• **Task to complete**
Line by line, output everything from the one that contains "250 Ashland Pl — Photo 2" through the end of the material below, exactly as written and with no pictures.
------------------------------------------------------------------------
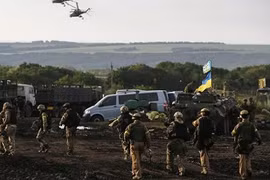 Ukraine: Chiến dịch quân sự ở miền Đông chấm dứt trong một tháng nữa
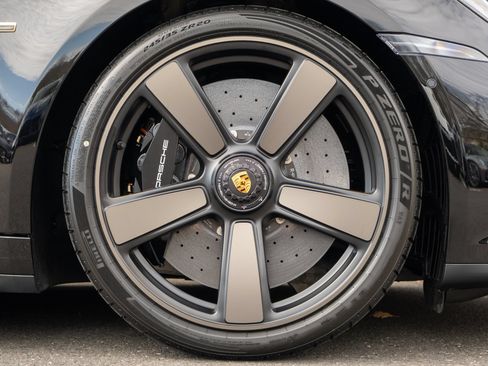 Used 2026 Porsche 911 Carrera GTS RWD image 15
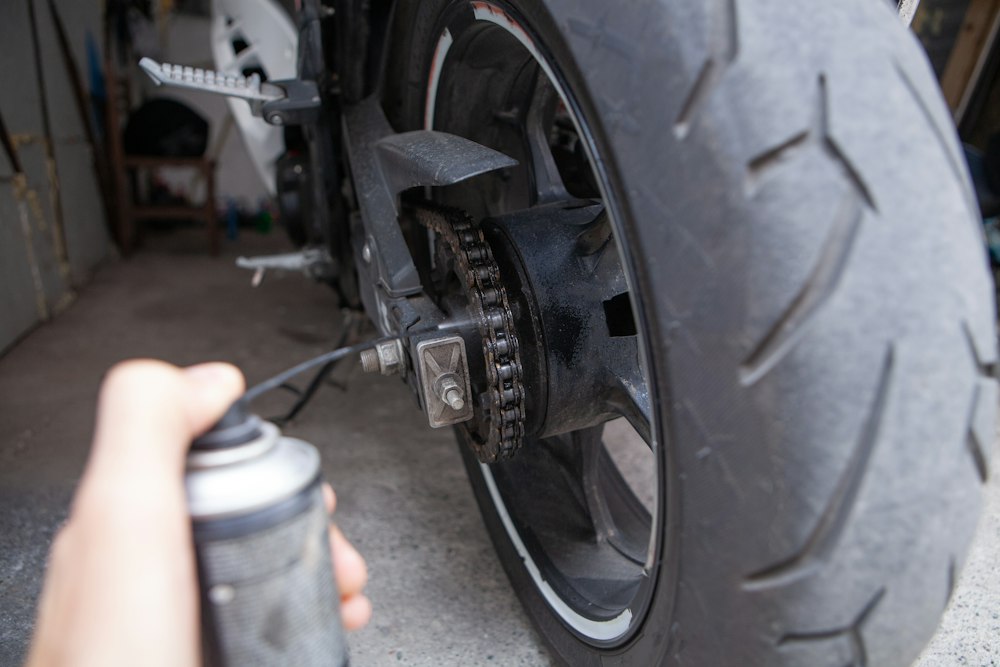 Lubricación de piezas móviles durante una mantención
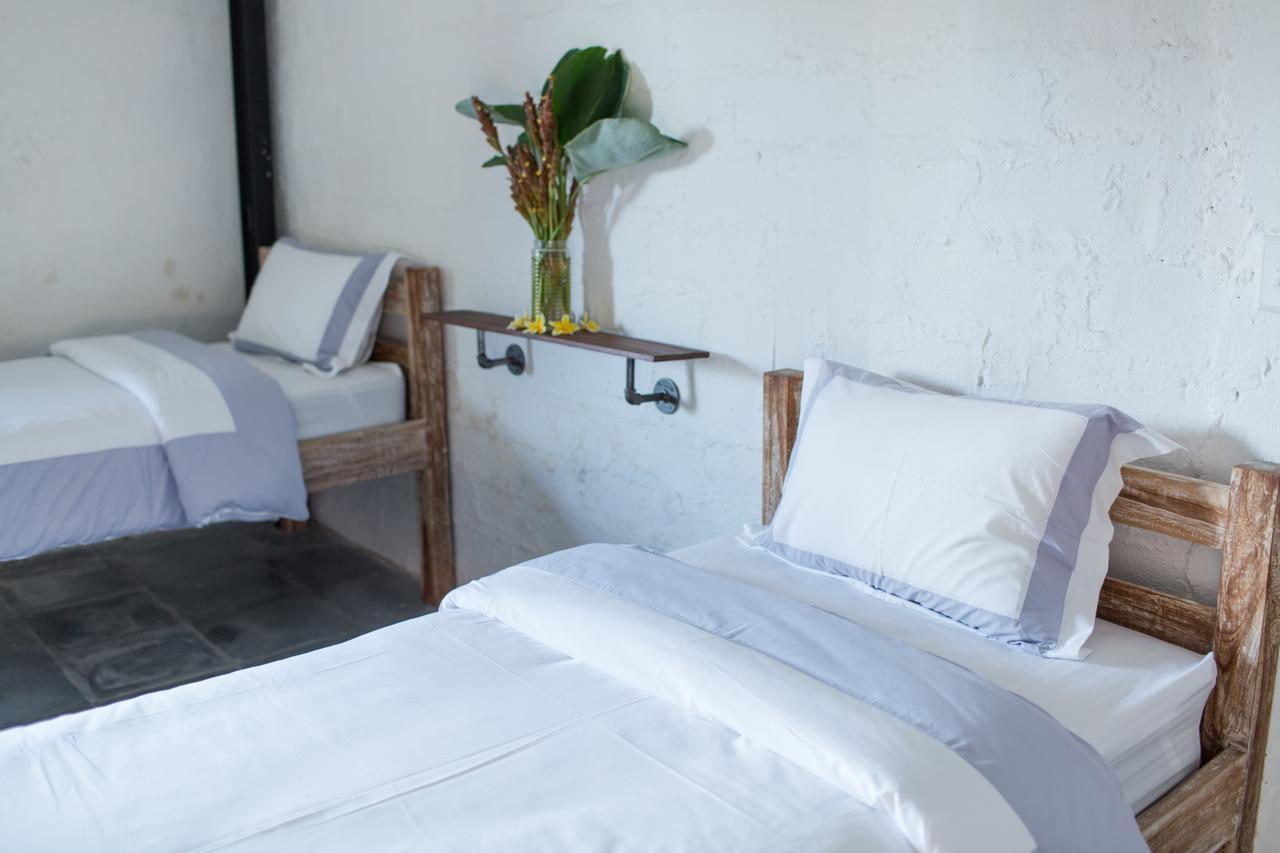 Takeoff Surf Camp & Hotel Canggu Esterno foto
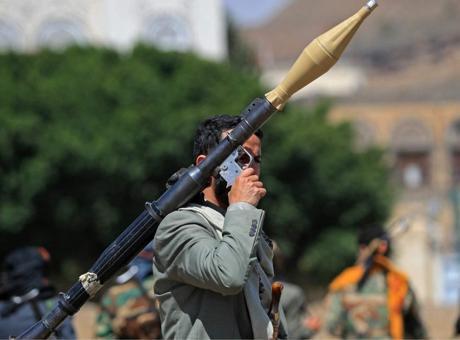 Yemen'de Husiler saldırdı: 2 asker şehit oldu, 9 asker yaralı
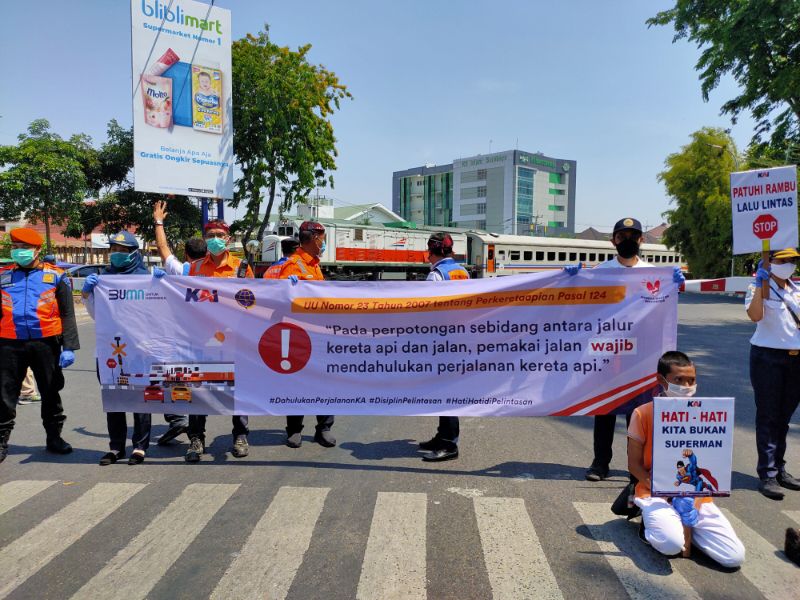 Manager Humas PT KAI Daop 8 Surabaya, Suprapto melakukan sosialisasi keselamatan di perlintasan sebidang jalan Ahmad Yani Rabu (14/10/2020)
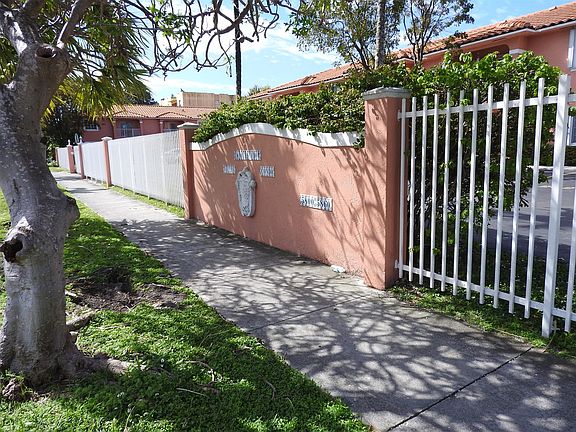 3rd image of 5810 W 18th Ln APT 201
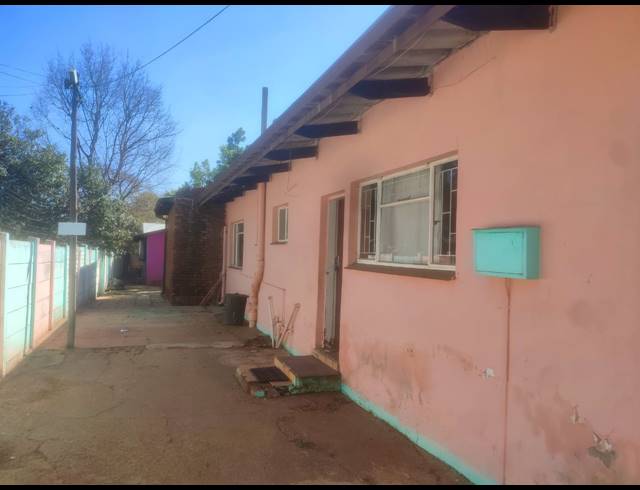 6 BEDROOM HOUSE FOR SALE IN ANNADALE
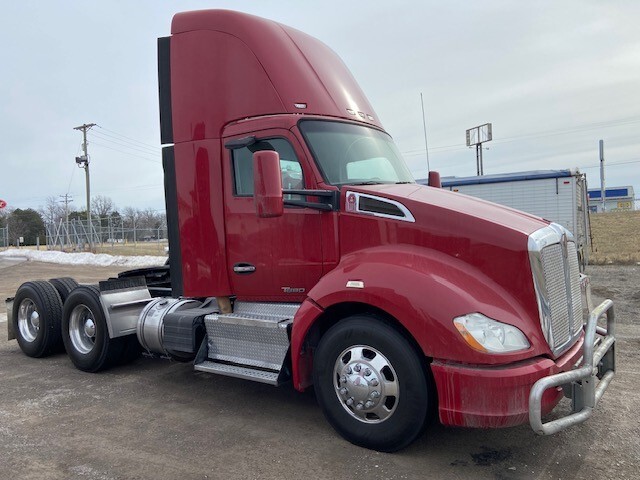 2016 KENWORTH T680 Aerodyne in Broadview Heights, OH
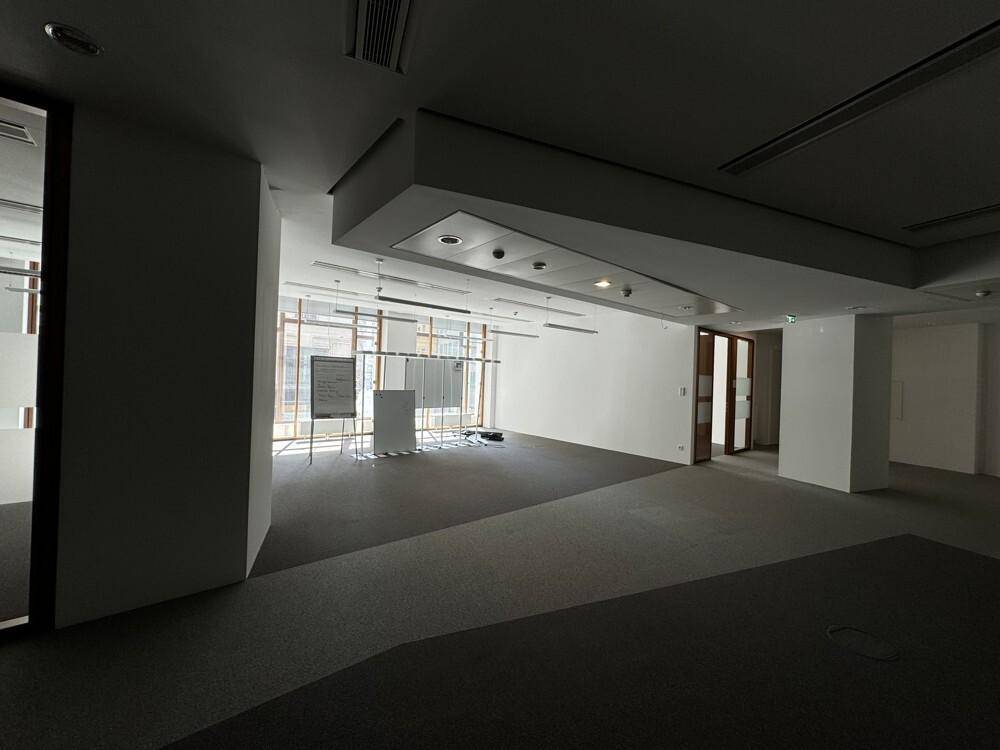 Großer Konferenzraum mit Teppichboden, mobilen Whiteboards und indirekter Beleuchtung.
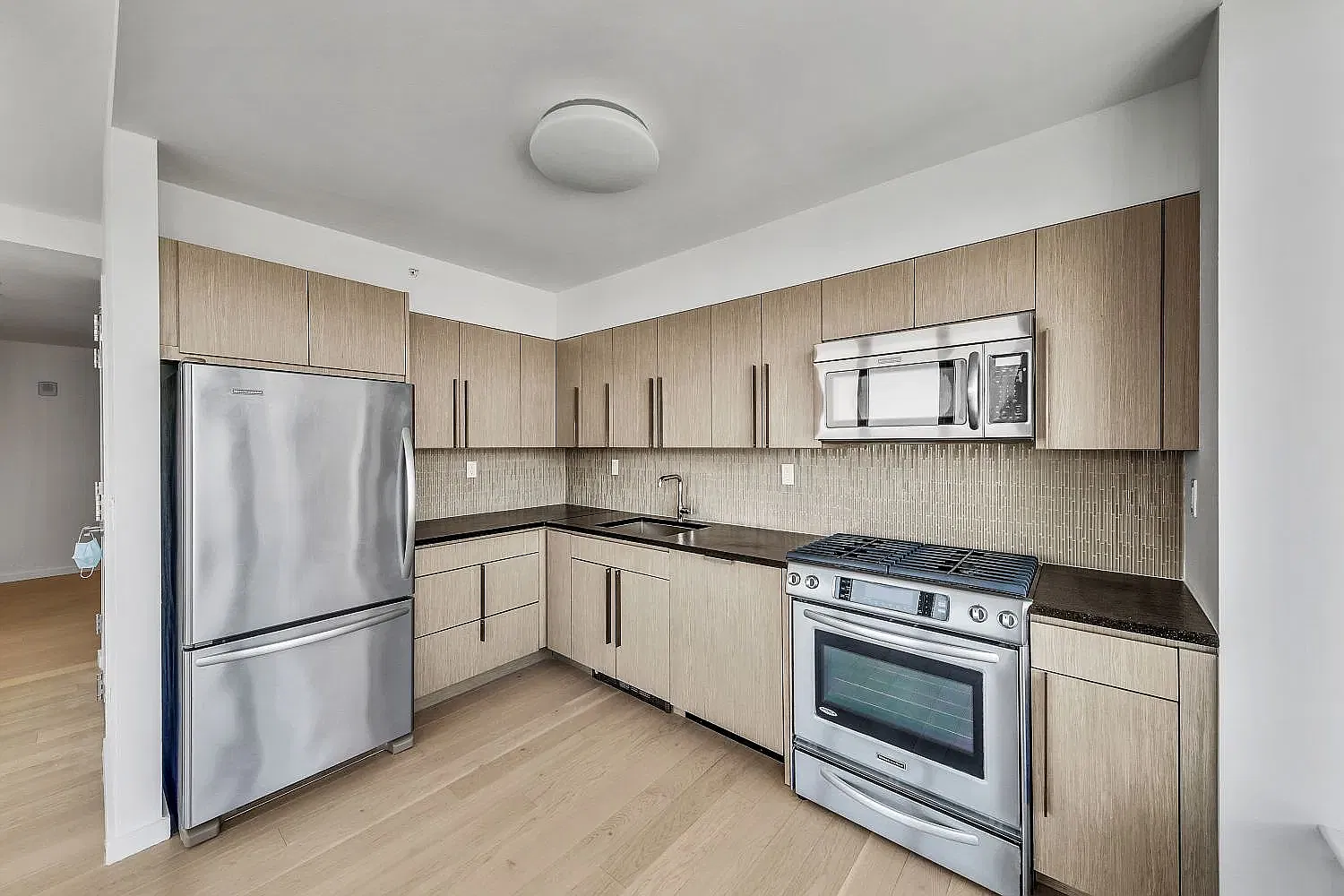 250 Ashland Pl — Photo 2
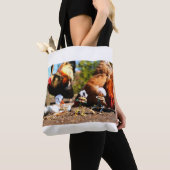 Fubby spelend met de kippen en haan. トートバッグ (クローズアップ)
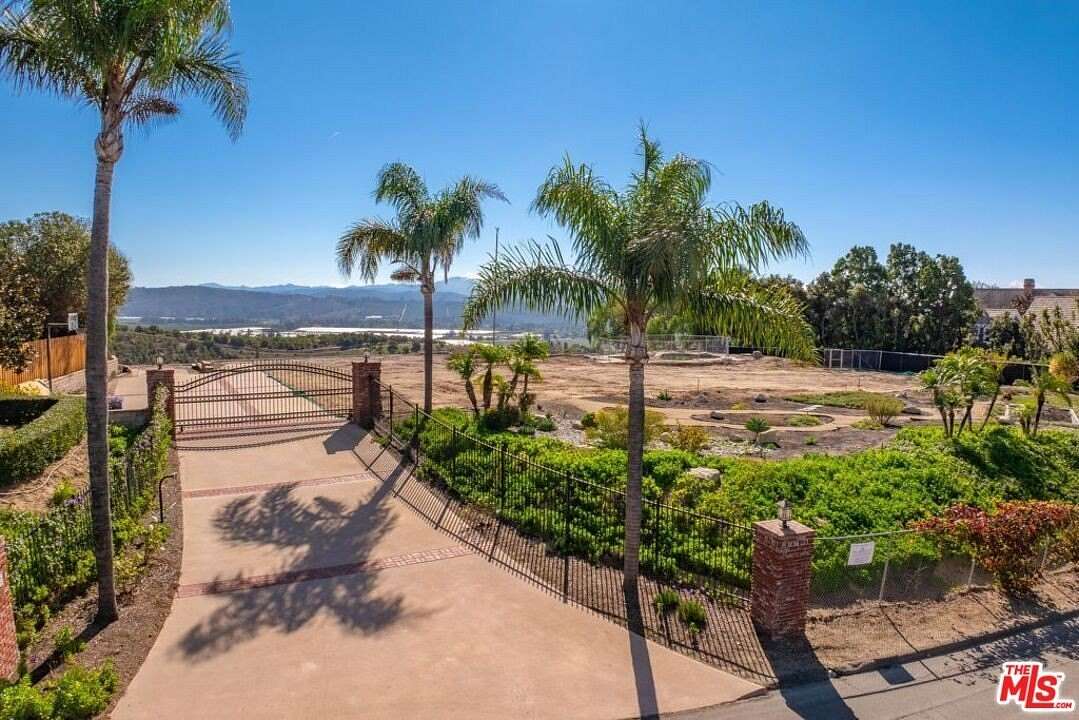 2 Acres of Residential Land for Sale in Somis, California
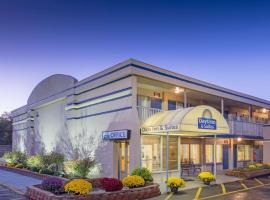 Days Inn & Suites by Wyndham Dayton North、デイトンのホテル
------------------------------------------------------------------------
• **Exercise answer**
 250 Ashland Pl — Photo 2
 Fubby spelend met de kippen en haan. トートバッグ (クローズアップ)
 2 Acres of Residential Land for Sale in Somis, California
 Days Inn & Suites by Wyndham Dayton North、デイトンのホテル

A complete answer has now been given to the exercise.